As mentioned above, certain prior assemblies have employed channels that had a T-shape configuration with the crossbar of the T disposed along the base of the channel and the stem of the T extending vertically from the base. As shown in FIG. 7, the weatherstrip 20 can be adapted to fit into such T-shape channels by providing a plurality of nubbins 26 A, B, C, . . . 26 N. Each nubbin 26 is formed along one of the vertical sides 27, 28 of the backing strip 21. The nubbins 26 are formed with a suitable punching tool which deforms a portion of the sidewall 27, 28 to provide a projection 26. Projection 26 extends laterally away from sidewall 28 and has a sufficient height in order to engage the lower surface of the lips of the T-slot.

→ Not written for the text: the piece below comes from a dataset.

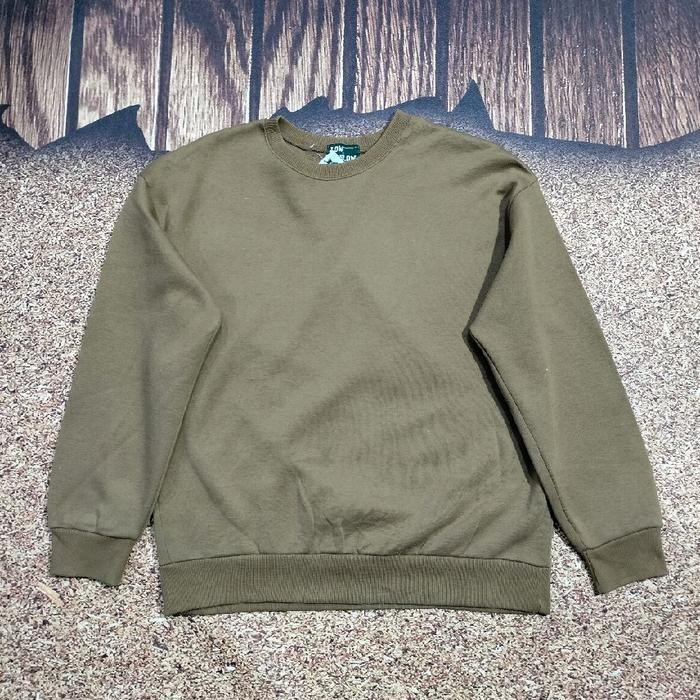 crewneck pria murah LOW SLOW sweater coklat polos mirah bagus size XL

With reference to FIG. 8, there is shown the weatherstrip assembly 8 in a T-slot 30. The T-slot 30 has a stem or upper portion 31 of a cross-sectional area that is less than the cross-sectional area of a lower or crossbar portion 32. Thus, the T-slot 30 has a pair of lips 37, 38 which project toward one another and define an opening 42. Nubbins 26A, 26B . . . 26N extend from opposite sidewalls 27, 28 of backing strip 21. The lower surface of lips 37, 38 engage and retain the upper surface of nubbins 26B, 26A . . . 26N to thereby maintain the weatherstrip 20 within the channel 30. Pile members 22 extend through the opening 42. In this instance, the window or door 60 or that portion thereof which includes the channel 30 is made up of flexible material. As indicated above, in connection with FIG. 4, the outer wall portion 33 is flexible in a outwardly bending direction in order to expand the upper opening 42 in order to permit the backing strip 21 with its nubbins 26 to be inserted into the T-slot opening 30.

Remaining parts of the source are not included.